As we walked along the fenceline that encases the graveyard, we heard meowing, and a little calico cat with golden eyes sauntered out of the undergrowth. She was the friendliest cat I've ever met, and she immediately rolled on her back so we could scratch her belly. She was a little skinny, but her coat was glossy, so we assumed she belonged to one of the closest neighbors to the woods. Husband and I forged through the dense weeds and bushes in search of black raspberries, and the little cat followed us for an hour or more, picking her way gingerly around stickers and tall grass.
She followed us back to the truck, and I gave her a small bowl of water, which she eventually lapped up. I hated to leave her, but I hoped she really did belong to someone close by.
The next morning, however, I got a phone call from my dad. It began as many conversations with my parents begin, a preface to some crazy thing they'd gotten themselves into, "Well, you'll never guess what we did..." My dad has a wonderfully soft heart when it comes to animals. I've never seen him be cruel to any living creature, and he never turned away the various animals that were dumped off at our old farmhouse (a common occurrence in the country).
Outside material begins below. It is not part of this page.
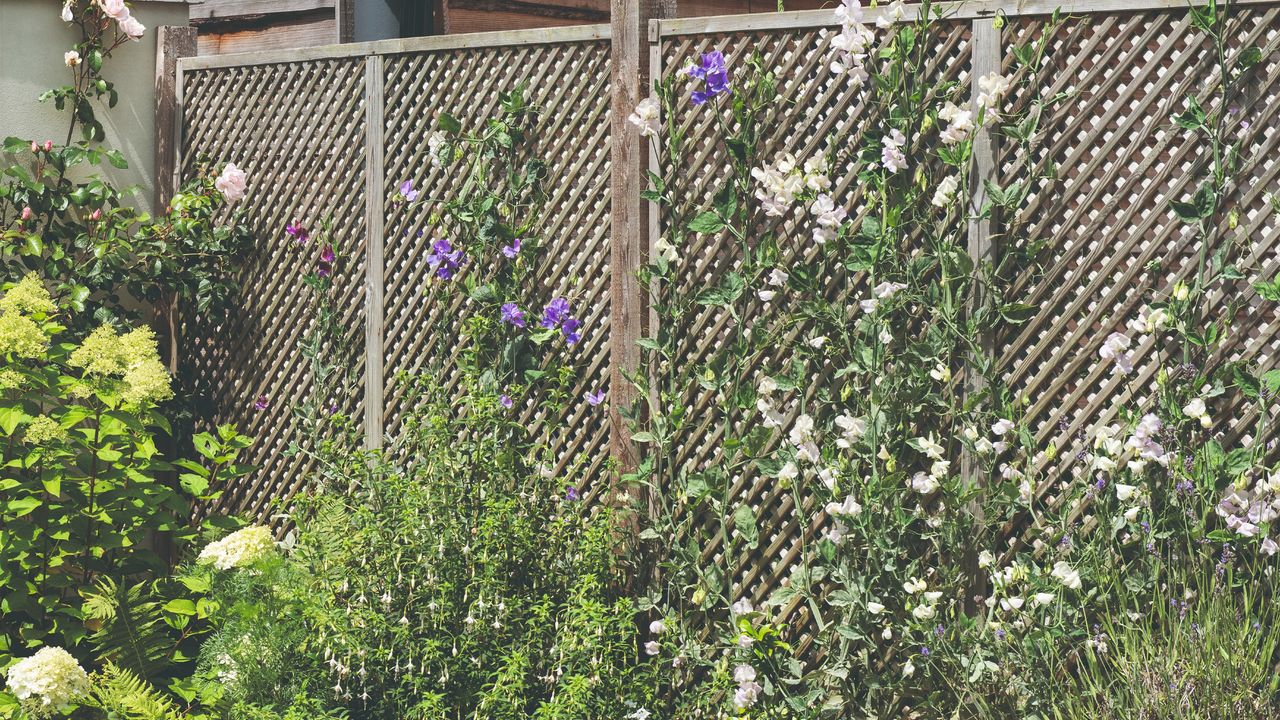 Sweet peas growing on a trellis in the garden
He told me that he was thinking about that little cat all night long. He finally decided he just couldn't believe the cat belonged to someone, appearing in the woods all alone. Late that night he had told mom that he thought they should return and look for the cat. They almost went that night, but they doubted the cat would be found in pitch black, so they ventured out bright and early the next morning, skipping church to look for the lost little soul. And they found her, exactly where we'd left her the day before. They brought her home (into their house, an unusual occurrence given the cat allergy of their daughter *cough* me *cough*) and gave her food and water and many cuddles. Then they found a good home for her, with a neighbor just down the road. My parents already have nine outside cats, and they didn't want the dominant male to reject her, risking her running away.
So she has a new home and my dad can sleep easy and I can remember why my parents are really, truly wonderful people. He suggested naming her "Raspberry."